→ **Problem requirements**: Leave out the images and output the records word for word.

→ **Data for analysis**:
◆ ◆ ◆ ◆ ◆ ◆ ◆

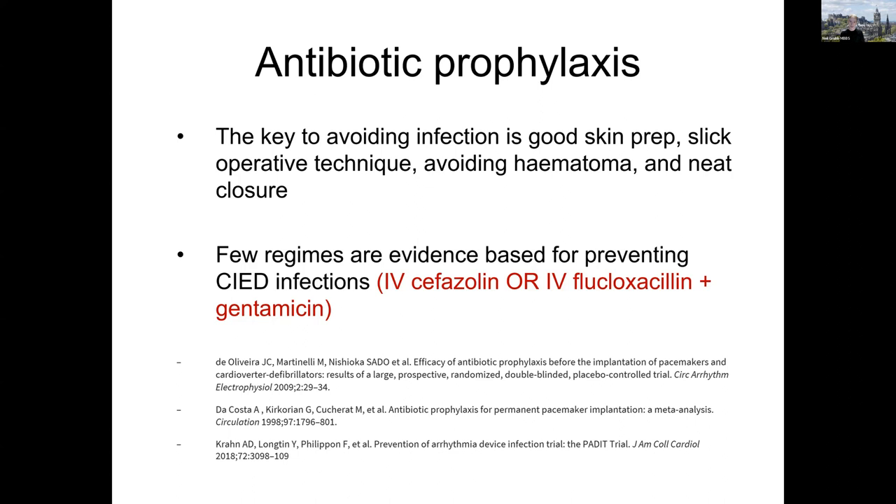Going into the evidence base for antibiotic prophylaxis for device implants, there isn't much evidence out there. The only two regimens with a good evidence base from randomised studies comparing antibiotic prophylaxis against no prophylaxis are the first-generation cephalosporin cefazolin — which has been supplanted by cefuroxime and cefotaxime — or a combination of intravenous flucloxacillin plus gentamicin. These are the two evidence-based regimens. We use the latter in Edinburgh — flucloxacillin and gentamicin. In patients who are penicillin-allergic or particularly high risk, we use teicoplanin, not because it's particularly evidence-based but because it has a broad spectrum of action against a wide range of infective agents.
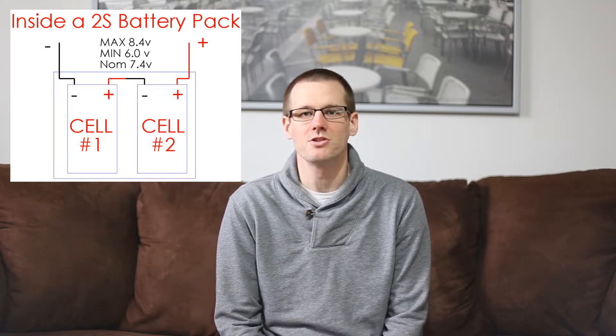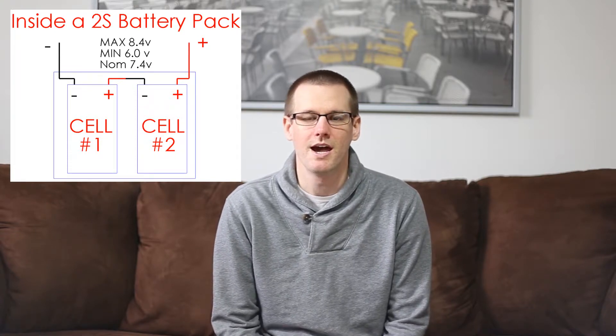When talking about a two cell lithium polymer, that means we place two cells in series — that wiring type is known as 2S. A 2S lithium battery would have a maximum voltage of 8.4 volts and a minimum of 6.0 volts. It's important to realize we never want to hit the minimum voltage as that would degrade the life of the pack. The nominal voltage of a 2S pack is 3.7 multiplied by 2, giving us 7.4 volts.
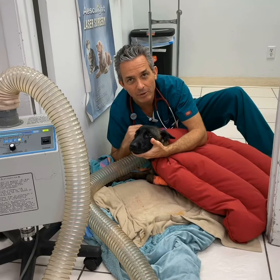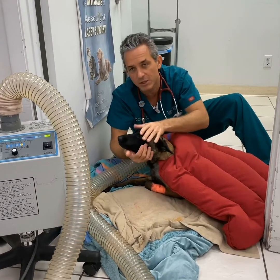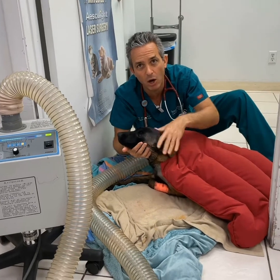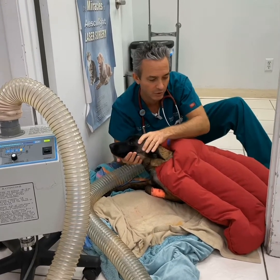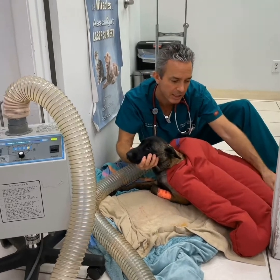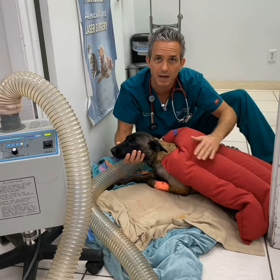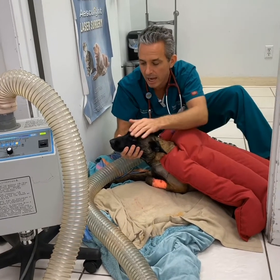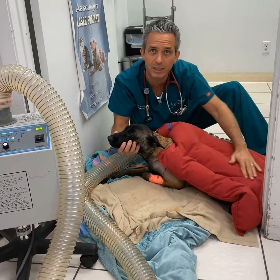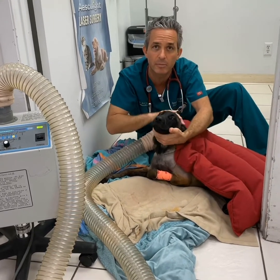Kaya is now recovering from her procedure and she's doing well. She's a little bit cold despite being on a heated surgery table, so we recover our patients with this bear hugger — it's full of hot air to help keep her temperature as high as possible. We're waiting until her temperature reaches at least 99 degrees Fahrenheit before we feel good about her being warm.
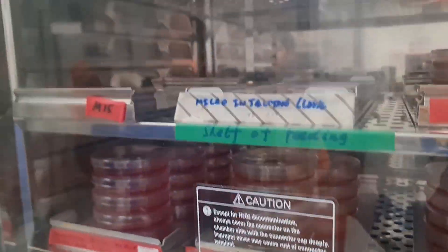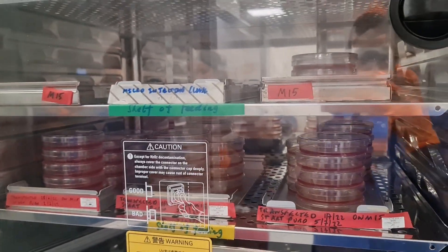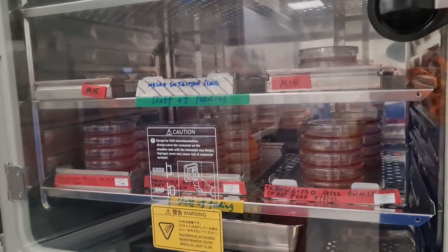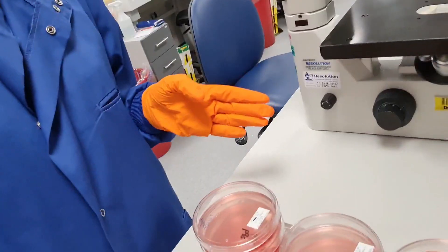These are all the cells that need their media changed. I'm going to take them out one by one because some of them require slightly different media supplements. These cells here have been transfected recently and after a couple of days we need to do a drug selection — so we'll be adding puromycin to select for the correctly transfected cells. I'm just going to check if they're all still looking healthy and alive before I change the media, just in case.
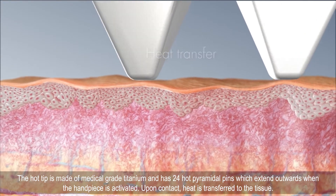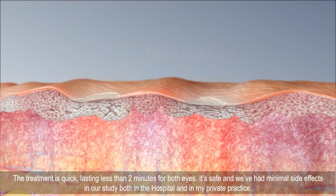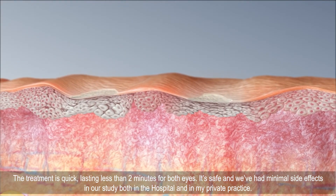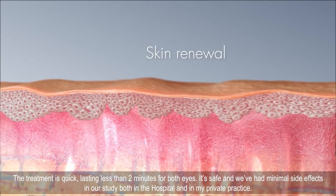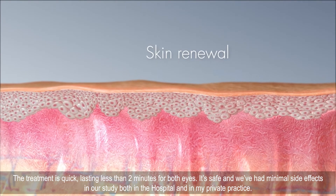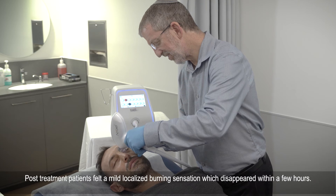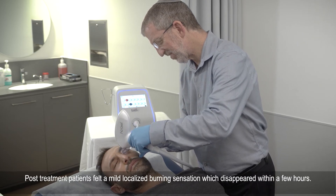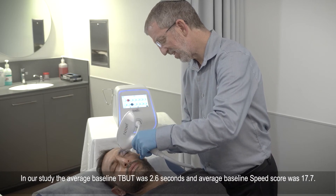Upon contact, heat is transferred to the tissue. The treatment is quick, lasting less than two minutes for both eyes. It's safe and we've had minimal side effects in our study both in the hospital and in my private practice. We use low energy settings so there's no need for topical anesthesia. Post-treatment, patients felt a mild localized burning sensation which disappeared within a few hours.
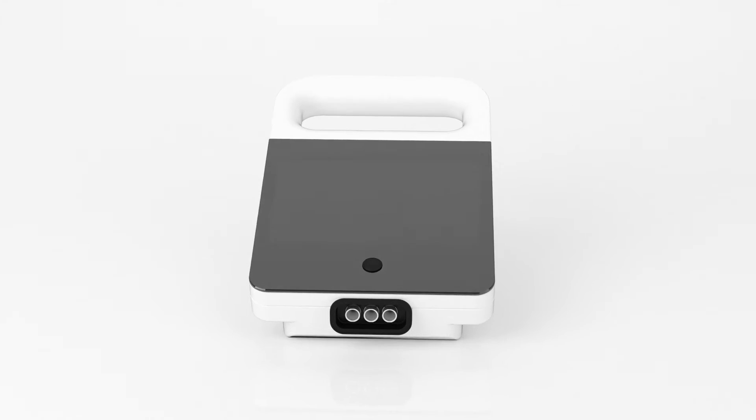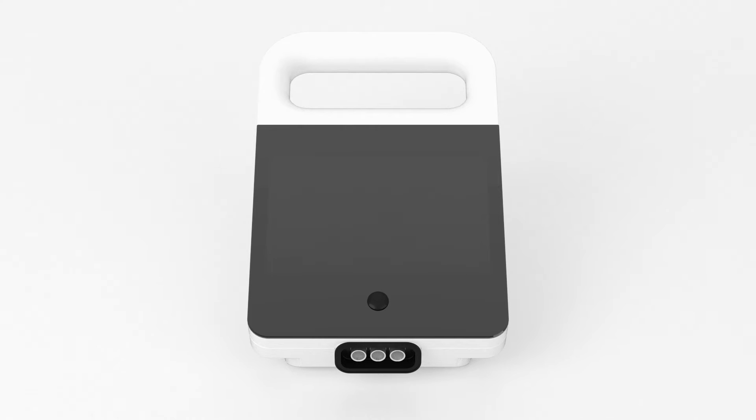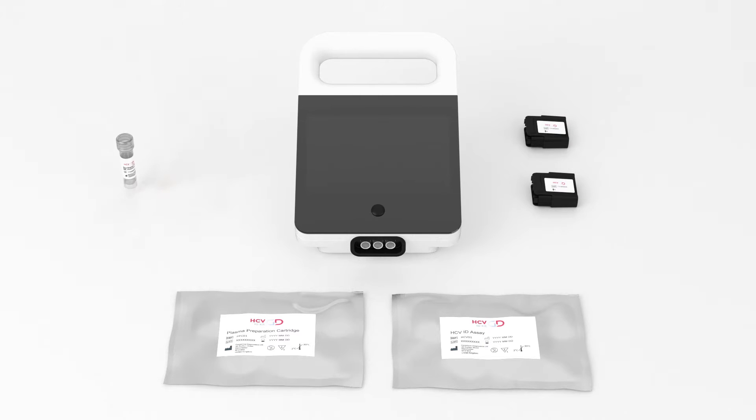Your GeneDrive HCV ID Kit components are a plasma preparation cartridge, an HCV ID assay tube, two cartridge lids, one tube of nuclease-free water, and one empty tube.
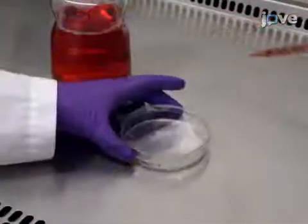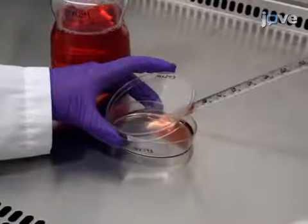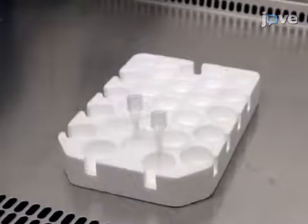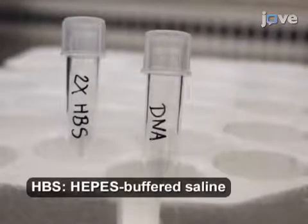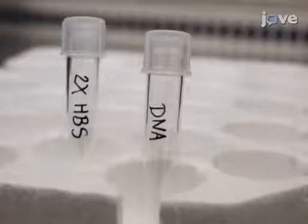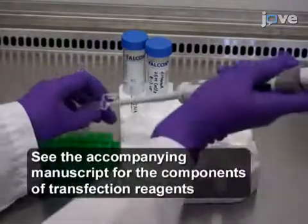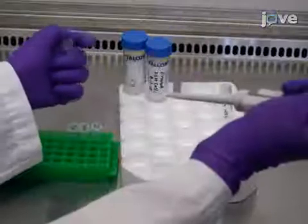On day 5, change the media 2 hours prior to transfection and ensure that there is exactly 10 milliliters of media in the 10-centimeter plate. Next, prepare the transfection reagents for two dishes using two 5-milliliter round bottom polystyrene tubes. Label the first tube as DNA and the second tube as 2xHBS. Then adjust the DNA concentration to 1 microgram per microliter in Tris EDTA at pH 7.4. To make transfection reagents for lentiviruses and retroviruses, slowly add the required components to the tube labeled DNA while continuously tapping on the tube to mix.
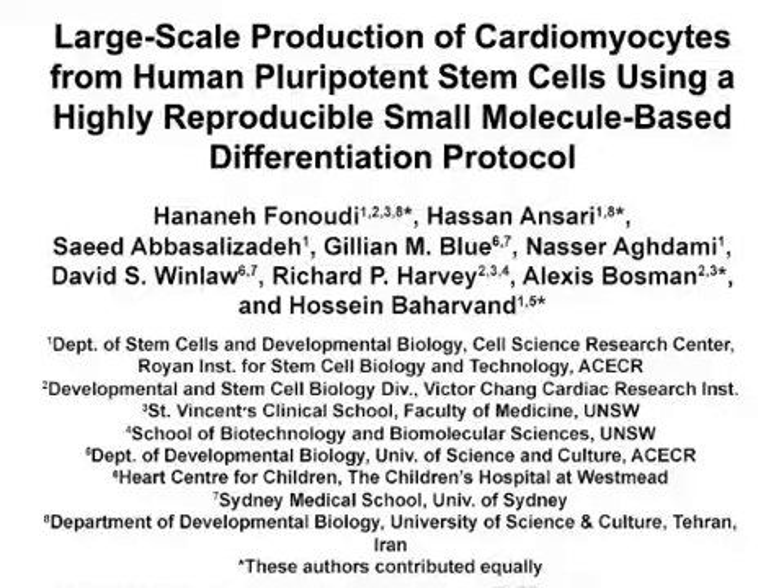The overall goal of this experiment is to differentiate human pluripotent stem cells into cardiomyocytes with high efficiency and reproducibility. This protocol can be scaled up in a bioreactor or modified for differentiating cell lines which are sensitive to single cell culture. This method can help answer key questions in cardiac disease modeling using human induced pluripotent stem cells.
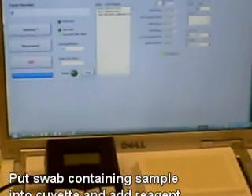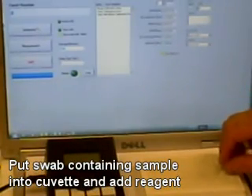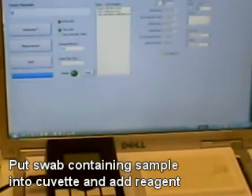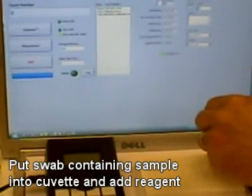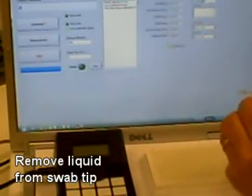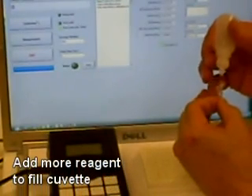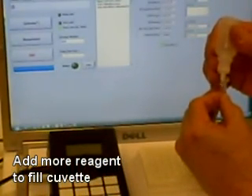Now that the calibrations have been done, you are ready to assay your swab sample for the presence of microorganisms. First, add a clean cuvette to a holder. Place your swab with the sample into the cuvette. Add four drops of the reagent supplied into the cuvette containing the swab sample. Now you will wait ten minutes. After the ten minutes, wring out the swab by pressing the swab tip against the side of the cuvette as you're pulling it out and discard the swab.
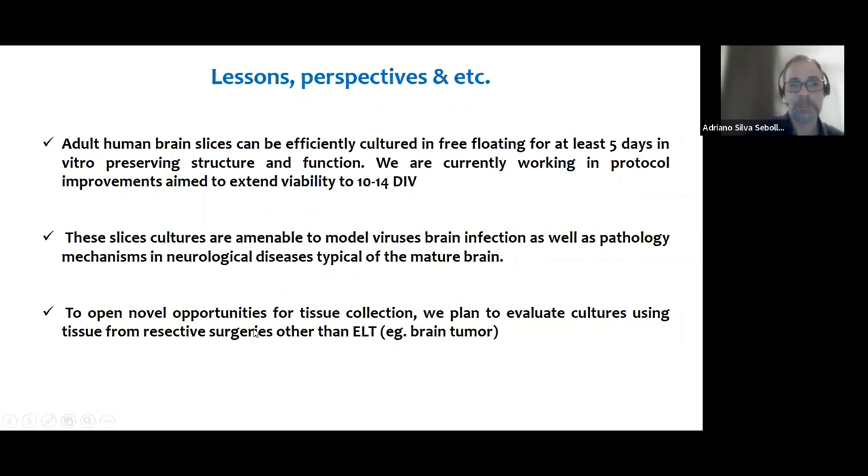The main disadvantage of this model is the difficulty in obtaining tissue — it's not easy anywhere in the world. What we are working on is extending our collaboration with the hospital to collect tissue from other resective surgeries in addition to epilepsy. An example is brain tumor surgery, where there is also a need to remove healthy tissue that is not used for other purposes. So there is an opportunity to collect tissue from these surgeries too, and there are groups in the world already doing this.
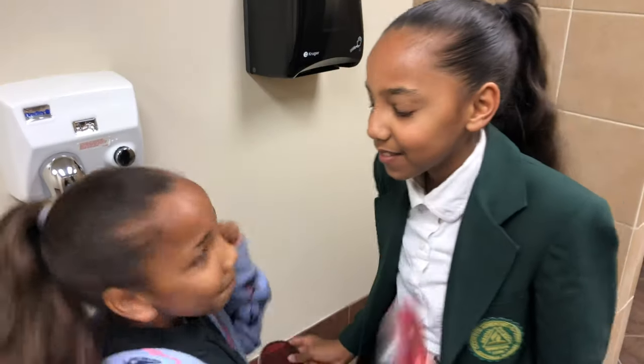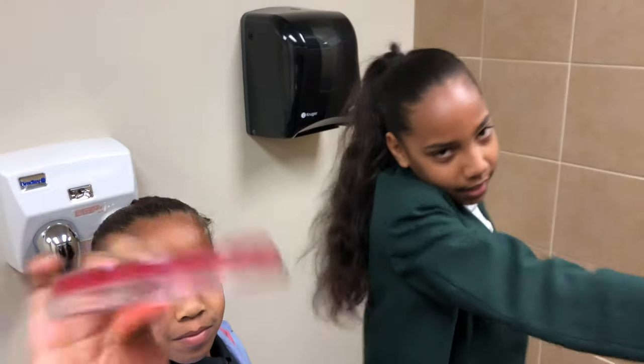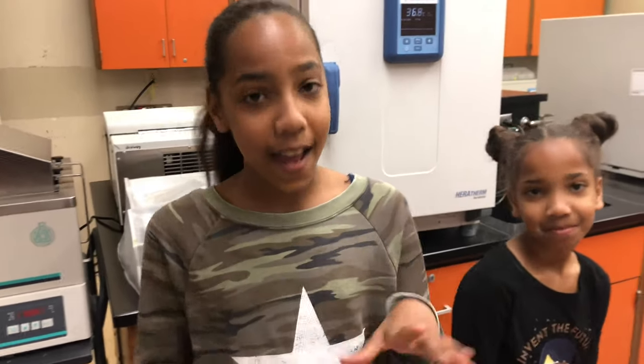Now we're going to incubate it to get the result. We're incubating it because bacteria grow better in heat. We'll be back tomorrow to show you guys the results.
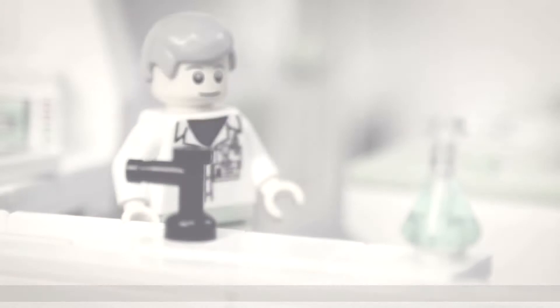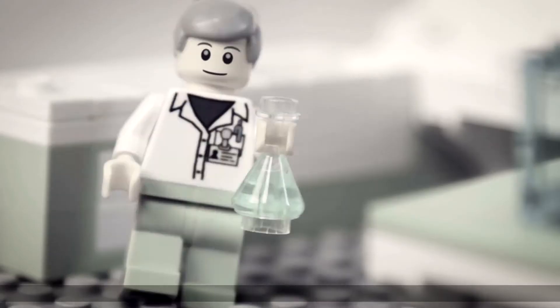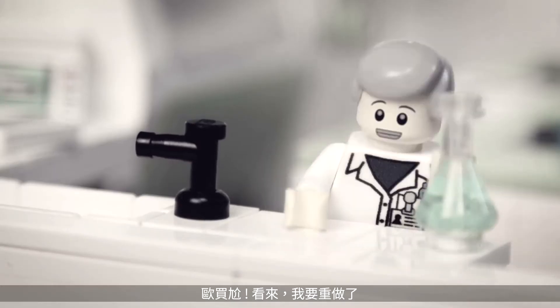Some of us remember the early days of Western blotting. I know it's a neurotoxin, but I've got to pour this gel. Oh no, the flask is slipping. Guess I'll have to pour it again.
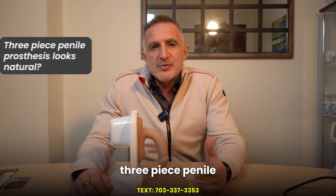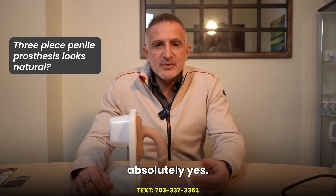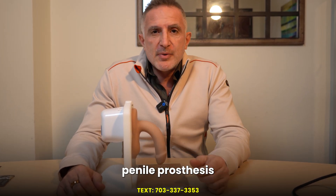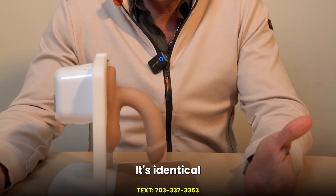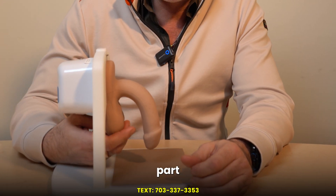A lot of patients want to know if the three-piece penile prosthesis looks natural. The answer is absolutely yes. This is an example of a three-piece penile prosthesis placed inside of this model of the penis. It looks and feels the same — it's identical to your own penis, and the pump is located at the lowest part of the scrotum.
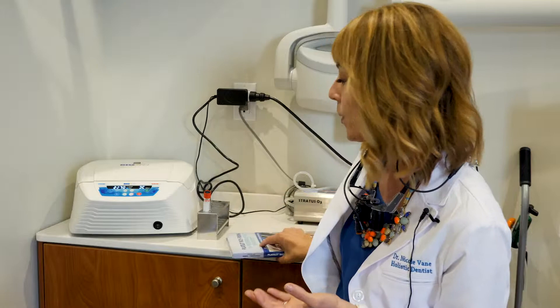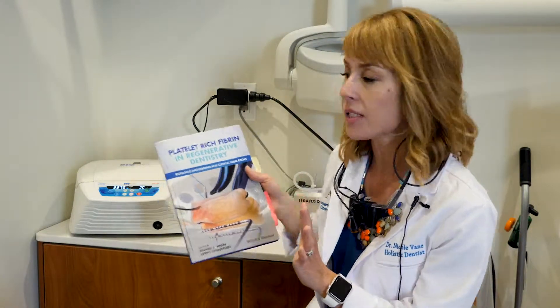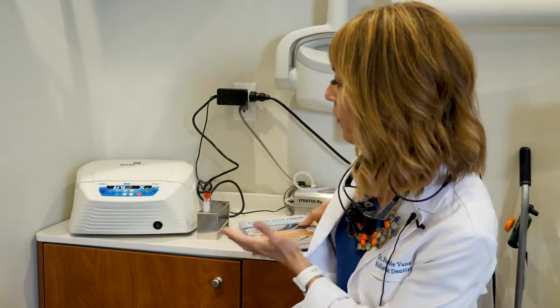Platelet-rich fibrin is where we draw your blood and we spin it down. I use a horizontal centrifuge, and it separates into your red blood cells down at the bottom, and then we get this beautiful gummy bear-like plug of platelet-rich fibrin. I've trained under Chacruin, Picos, and most recently under Dr. Rick Miron, who wrote this textbook and designed the centrifuge.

◆ ◆ ◆ ◆ ◆ ◆ ◆

→ **Reply**:
Going into the evidence base for antibiotic prophylaxis for device implants, there isn't much evidence out there. The only two regimens with a good evidence base from randomised studies comparing antibiotic prophylaxis against no prophylaxis are the first-generation cephalosporin cefazolin — which has been supplanted by cefuroxime and cefotaxime — or a combination of intravenous flucloxacillin plus gentamicin. These are the two evidence-based regimens. We use the latter in Edinburgh — flucloxacillin and gentamicin. In patients who are penicillin-allergic or particularly high risk, we use teicoplanin, not because it's particularly evidence-based but because it has a broad spectrum of action against a wide range of infective agents.
When talking about a two cell lithium polymer, that means we place two cells in series — that wiring type is known as 2S. A 2S lithium battery would have a maximum voltage of 8.4 volts and a minimum of 6.0 volts. It's important to realize we never want to hit the minimum voltage as that would degrade the life of the pack. The nominal voltage of a 2S pack is 3.7 multiplied by 2, giving us 7.4 volts.
Kaya is now recovering from her procedure and she's doing well. She's a little bit cold despite being on a heated surgery table, so we recover our patients with this bear hugger — it's full of hot air to help keep her temperature as high as possible. We're waiting until her temperature reaches at least 99 degrees Fahrenheit before we feel good about her being warm.
These are all the cells that need their media changed. I'm going to take them out one by one because some of them require slightly different media supplements. These cells here have been transfected recently and after a couple of days we need to do a drug selection — so we'll be adding puromycin to select for the correctly transfected cells. I'm just going to check if they're all still looking healthy and alive before I change the media, just in case.
Upon contact, heat is transferred to the tissue. The treatment is quick, lasting less than two minutes for both eyes. It's safe and we've had minimal side effects in our study both in the hospital and in my private practice. We use low energy settings so there's no need for topical anesthesia. Post-treatment, patients felt a mild localized burning sensation which disappeared within a few hours.
Your GeneDrive HCV ID Kit components are a plasma preparation cartridge, an HCV ID assay tube, two cartridge lids, one tube of nuclease-free water, and one empty tube.
On day 5, change the media 2 hours prior to transfection and ensure that there is exactly 10 milliliters of media in the 10-centimeter plate. Next, prepare the transfection reagents for two dishes using two 5-milliliter round bottom polystyrene tubes. Label the first tube as DNA and the second tube as 2xHBS. Then adjust the DNA concentration to 1 microgram per microliter in Tris EDTA at pH 7.4. To make transfection reagents for lentiviruses and retroviruses, slowly add the required components to the tube labeled DNA while continuously tapping on the tube to mix.
The overall goal of this experiment is to differentiate human pluripotent stem cells into cardiomyocytes with high efficiency and reproducibility. This protocol can be scaled up in a bioreactor or modified for differentiating cell lines which are sensitive to single cell culture. This method can help answer key questions in cardiac disease modeling using human induced pluripotent stem cells.
Now that the calibrations have been done, you are ready to assay your swab sample for the presence of microorganisms. First, add a clean cuvette to a holder. Place your swab with the sample into the cuvette. Add four drops of the reagent supplied into the cuvette containing the swab sample. Now you will wait ten minutes. After the ten minutes, wring out the swab by pressing the swab tip against the side of the cuvette as you're pulling it out and discard the swab.
The main disadvantage of this model is the difficulty in obtaining tissue — it's not easy anywhere in the world. What we are working on is extending our collaboration with the hospital to collect tissue from other resective surgeries in addition to epilepsy. An example is brain tumor surgery, where there is also a need to remove healthy tissue that is not used for other purposes. So there is an opportunity to collect tissue from these surgeries too, and there are groups in the world already doing this.
Now we're going to incubate it to get the result. We're incubating it because bacteria grow better in heat. We'll be back tomorrow to show you guys the results.
Some of us remember the early days of Western blotting. I know it's a neurotoxin, but I've got to pour this gel. Oh no, the flask is slipping. Guess I'll have to pour it again.
A lot of patients want to know if the three-piece penile prosthesis looks natural. The answer is absolutely yes. This is an example of a three-piece penile prosthesis placed inside of this model of the penis. It looks and feels the same — it's identical to your own penis, and the pump is located at the lowest part of the scrotum.
Platelet-rich fibrin is where we draw your blood and we spin it down. I use a horizontal centrifuge, and it separates into your red blood cells down at the bottom, and then we get this beautiful gummy bear-like plug of platelet-rich fibrin. I've trained under Chacruin, Picos, and most recently under Dr. Rick Miron, who wrote this textbook and designed the centrifuge.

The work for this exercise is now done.